Arbitra partite di calcio durante la malattia – Poliziotto sospeso dal servizio per sei mesi

Un agente della Polizia di Stato (del quale vengono opportunamente omesse le generalità per rispetto della privacy), nel 2013 svolse l’attività di arbitro in competizioni sportive calcistiche in tre diverse occasioni,  malgrado stesse espletando alcuni periodi di congedo per malattia (enteropatia tibiotarsica, colica addominale, faringite). Al poliziotto venne irrogata una sanzione disciplinare.

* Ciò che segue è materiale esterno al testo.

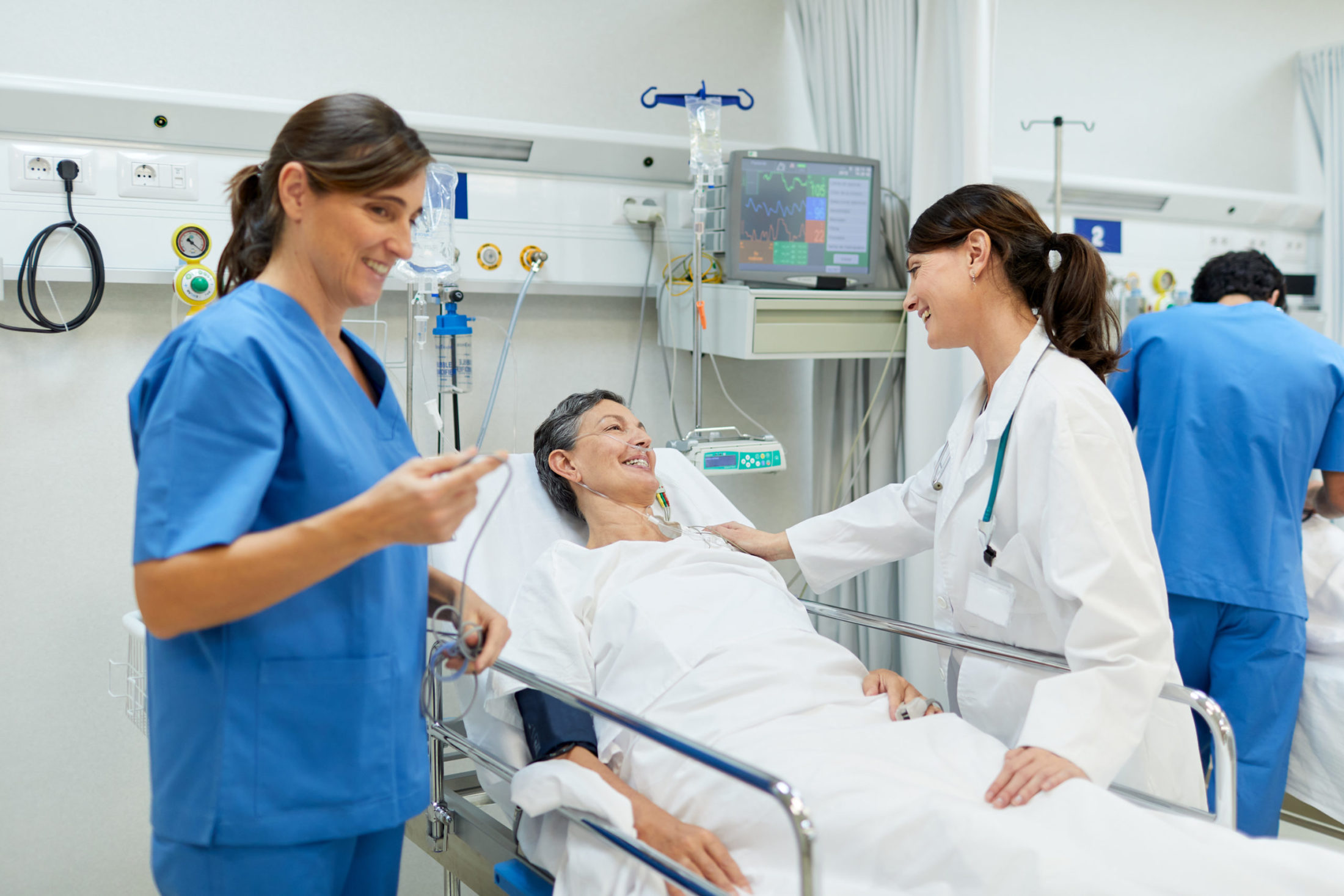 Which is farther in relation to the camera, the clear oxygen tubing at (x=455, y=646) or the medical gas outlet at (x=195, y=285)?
the medical gas outlet at (x=195, y=285)

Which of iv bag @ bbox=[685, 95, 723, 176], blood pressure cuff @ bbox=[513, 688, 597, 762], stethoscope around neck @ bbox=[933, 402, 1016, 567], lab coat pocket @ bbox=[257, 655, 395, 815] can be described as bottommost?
blood pressure cuff @ bbox=[513, 688, 597, 762]

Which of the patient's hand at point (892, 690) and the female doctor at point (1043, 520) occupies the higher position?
the female doctor at point (1043, 520)

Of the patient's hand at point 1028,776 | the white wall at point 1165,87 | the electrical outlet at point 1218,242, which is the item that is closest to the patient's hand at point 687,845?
the patient's hand at point 1028,776

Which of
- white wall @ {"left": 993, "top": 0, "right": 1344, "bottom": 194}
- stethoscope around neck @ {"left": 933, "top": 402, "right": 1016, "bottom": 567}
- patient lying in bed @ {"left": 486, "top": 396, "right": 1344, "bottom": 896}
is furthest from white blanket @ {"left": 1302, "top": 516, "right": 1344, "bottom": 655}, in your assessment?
white wall @ {"left": 993, "top": 0, "right": 1344, "bottom": 194}

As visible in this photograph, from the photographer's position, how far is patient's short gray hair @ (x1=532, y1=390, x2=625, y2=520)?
2.27 meters

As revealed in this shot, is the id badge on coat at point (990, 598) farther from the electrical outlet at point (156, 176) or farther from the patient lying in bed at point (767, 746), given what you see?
the electrical outlet at point (156, 176)

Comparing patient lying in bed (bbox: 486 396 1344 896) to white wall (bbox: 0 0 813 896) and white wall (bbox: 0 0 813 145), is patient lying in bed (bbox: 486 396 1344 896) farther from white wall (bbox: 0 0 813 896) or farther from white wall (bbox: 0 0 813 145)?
white wall (bbox: 0 0 813 145)

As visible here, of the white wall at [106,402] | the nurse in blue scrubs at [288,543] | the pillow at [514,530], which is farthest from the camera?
the white wall at [106,402]

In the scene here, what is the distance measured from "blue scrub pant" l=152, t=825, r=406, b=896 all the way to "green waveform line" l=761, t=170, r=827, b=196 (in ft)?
6.69

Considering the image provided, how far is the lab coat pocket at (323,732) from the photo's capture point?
1.10m

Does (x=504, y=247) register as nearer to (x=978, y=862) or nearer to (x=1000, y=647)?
(x=1000, y=647)

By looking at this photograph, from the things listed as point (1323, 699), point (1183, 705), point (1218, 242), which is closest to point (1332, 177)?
point (1218, 242)

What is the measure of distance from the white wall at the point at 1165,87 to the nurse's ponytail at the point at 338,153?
9.87ft

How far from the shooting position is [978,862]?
1.27 meters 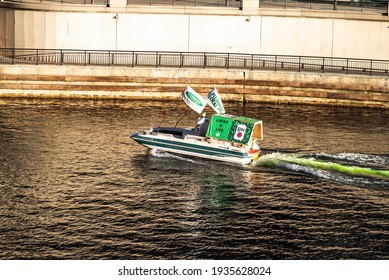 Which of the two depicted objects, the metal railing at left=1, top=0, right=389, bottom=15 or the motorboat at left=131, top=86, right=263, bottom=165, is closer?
the motorboat at left=131, top=86, right=263, bottom=165

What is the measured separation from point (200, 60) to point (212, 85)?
4133 millimetres

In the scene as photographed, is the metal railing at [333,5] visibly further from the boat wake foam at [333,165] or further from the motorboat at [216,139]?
the motorboat at [216,139]

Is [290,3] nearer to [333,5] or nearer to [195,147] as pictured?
[333,5]

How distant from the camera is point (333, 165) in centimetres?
5150

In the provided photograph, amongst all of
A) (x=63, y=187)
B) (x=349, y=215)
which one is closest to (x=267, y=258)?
(x=349, y=215)

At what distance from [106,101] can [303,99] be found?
17857mm

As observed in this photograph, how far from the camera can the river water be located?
37.8 meters

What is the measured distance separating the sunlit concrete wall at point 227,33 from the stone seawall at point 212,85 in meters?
5.03

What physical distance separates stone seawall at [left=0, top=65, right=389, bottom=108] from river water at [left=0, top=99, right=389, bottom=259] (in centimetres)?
816

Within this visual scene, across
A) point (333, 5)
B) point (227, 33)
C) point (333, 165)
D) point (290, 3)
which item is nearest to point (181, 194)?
point (333, 165)

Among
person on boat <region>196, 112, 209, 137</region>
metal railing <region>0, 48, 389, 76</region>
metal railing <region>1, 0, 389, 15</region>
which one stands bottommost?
person on boat <region>196, 112, 209, 137</region>

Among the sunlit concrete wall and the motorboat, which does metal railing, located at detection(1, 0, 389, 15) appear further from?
the motorboat

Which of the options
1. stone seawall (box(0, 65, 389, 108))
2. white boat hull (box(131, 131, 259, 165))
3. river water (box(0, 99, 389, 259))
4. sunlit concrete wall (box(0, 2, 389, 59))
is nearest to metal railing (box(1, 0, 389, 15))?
sunlit concrete wall (box(0, 2, 389, 59))

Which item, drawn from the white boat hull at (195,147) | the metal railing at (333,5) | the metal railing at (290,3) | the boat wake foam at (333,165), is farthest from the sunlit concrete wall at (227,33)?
the boat wake foam at (333,165) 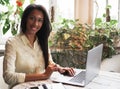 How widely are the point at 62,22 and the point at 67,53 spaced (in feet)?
1.42

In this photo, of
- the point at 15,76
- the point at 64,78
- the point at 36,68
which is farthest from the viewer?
the point at 36,68

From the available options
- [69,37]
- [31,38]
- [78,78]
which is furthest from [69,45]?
[78,78]

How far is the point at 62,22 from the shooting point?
3088 millimetres

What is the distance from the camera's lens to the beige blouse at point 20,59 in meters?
1.66

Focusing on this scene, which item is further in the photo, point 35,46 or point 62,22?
point 62,22

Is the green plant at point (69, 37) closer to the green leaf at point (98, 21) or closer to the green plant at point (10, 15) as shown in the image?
the green leaf at point (98, 21)

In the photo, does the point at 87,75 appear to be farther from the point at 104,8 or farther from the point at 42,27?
the point at 104,8

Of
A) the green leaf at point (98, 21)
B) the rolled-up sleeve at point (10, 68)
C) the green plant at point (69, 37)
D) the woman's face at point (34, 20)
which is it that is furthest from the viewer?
the green leaf at point (98, 21)

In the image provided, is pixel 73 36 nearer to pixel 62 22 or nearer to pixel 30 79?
pixel 62 22

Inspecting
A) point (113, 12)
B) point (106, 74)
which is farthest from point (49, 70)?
point (113, 12)

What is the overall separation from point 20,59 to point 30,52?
0.34 ft

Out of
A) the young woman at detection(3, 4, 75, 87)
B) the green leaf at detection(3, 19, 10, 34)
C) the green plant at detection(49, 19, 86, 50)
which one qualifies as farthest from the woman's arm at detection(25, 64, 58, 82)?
the green leaf at detection(3, 19, 10, 34)

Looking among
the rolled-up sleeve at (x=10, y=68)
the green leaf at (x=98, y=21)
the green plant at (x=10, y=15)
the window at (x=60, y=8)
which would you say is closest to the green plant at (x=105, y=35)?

L’agente si rivolse quindi al Tar, impugnando  il decreto con il quale il Capo della Polizia dispose nei suoi confronti la sospensione dal servizio per la durata di sei mesi, nonché il presupposto atto del Consiglio Provinciale di Disciplina di Varese, avendo ravvisato  alcuni motivi di illegittimità.

Di tutt’altro avviso il Tar, che con la sentenza N. 02014/2018 ha confermato la sanzione inflitta dal Capo della Polizia . Secondo i giudici della Sezione Terza del Tribunale Amministrativo Regionale per la Lombardia infatti:

Tali reiterati episodi, il cui accadimento è incontroverso, denotano chiaramente l’assenza di decoro richiesto  agli appartenenti ai ruoli dell’Amministrazione della pubblica sicurezza, e ciò in ragione del dovere – su tali soggetti incombente – di costituire un esempio di serietà e rettitudine nell’espletamento della propria attività professionale.

Inoltre, l’organizzazione e l’efficienza del reparto di appartenenza del ricorrente ha oggettivamente subìto un pregiudizio nel corso dei periodi di congedo per malattia dello stesso; quest’ultimo, peraltro, in occasione dell’audizione innanzi al Consiglio di Disciplina ha riconosciuto di non essersi reso conto che le attività ludiche illegittimamente svolte avrebbero potuto aggravare le patologie di cui lo stesso sarebbe stato affetto.

Per tali ragioni la sanzione irrogata al ricorrente risulta congruamente commisurata alla gravità dei fatti accertati.

Sotto diverso profilo, il provvedimento impugnato non può ritenersi viziato da contraddittorietà, in quanto il Capo della Polizia è sicuramente legittimato a riqualificare la condotta dell’incolpato nell’esercizio del potere sanzionatorio che la legge gli attribuisce.

Nè può ravvisarsi alcuna violazione del principio di proporzionalità, alla luce della gravità dei fatti commessi dal ricorrente e tenuto conto: i) che originariamente nella contestazione dell’addebito si chiedeva la destituzione dell’interessato; ii) che, peraltro, nel 2014 il ricorrente è stato condannato con sentenza divenuta irrevocabile ex art. 444 c.p.p. per truffa ai danni dello Stato in relazione agli stessi fatti.

2.3. In ragione delle suesposte considerazioni il ricorso deve essere respinto.